Fig. 7. Arhgap25 knockdown reverses the regulatory effect of RhoA knockout on the biological function of microglia.

ATP concentration (A), ECAR (B) and OCR (C) levels in primary cultured microglia after siArhgap25 transfection. D Western blotting shows the expression of Arhgap25, HIF-1α, HK2, PKM2 and LDHA after siArhgap25 transfection. E Western blotting shows the expression of PCNA and PH3 protein after siArhgap25 transfection. Immunostaining shows the PCNA⁺(F), Ki67⁺ (G) and Edu⁺ (H) in primary cultured microglia after transfection with siArhgap25. Data are presented as mean ± SD; each dot represents an individual mouse. Statistical significance: ∗p < 0.05; ∗∗p < 0.01; ∗∗∗p < 0.001.

Fig. 8. Arhgap25 knockdown reverses the effects of RhoA cKO on the phagocytosis and migration of microglia.

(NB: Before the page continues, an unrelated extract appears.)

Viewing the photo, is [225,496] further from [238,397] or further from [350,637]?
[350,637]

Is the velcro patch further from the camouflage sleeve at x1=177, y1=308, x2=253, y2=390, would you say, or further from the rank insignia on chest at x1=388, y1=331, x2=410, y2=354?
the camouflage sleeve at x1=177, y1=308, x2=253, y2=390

A Immunostaining shows the CD68 expression in the cultured microglia (IBA-1⁺). B Immunostaining shows the myelin debris (MBP⁺) engulfed in the cultured microglia after the microglia were co-cultured with debris for 1 h. C Western blotting show the CD68 level in microglia (culture without debris) and MBP level in microglia (co-cultured with debris for 1 h). D Representative images of Transwell assay. Data are presented as mean ± SD; each dot represents an individual mouse. Statistical significance: ∗p < 0.05; ∗∗p < 0.01; ∗∗∗p < 0.001.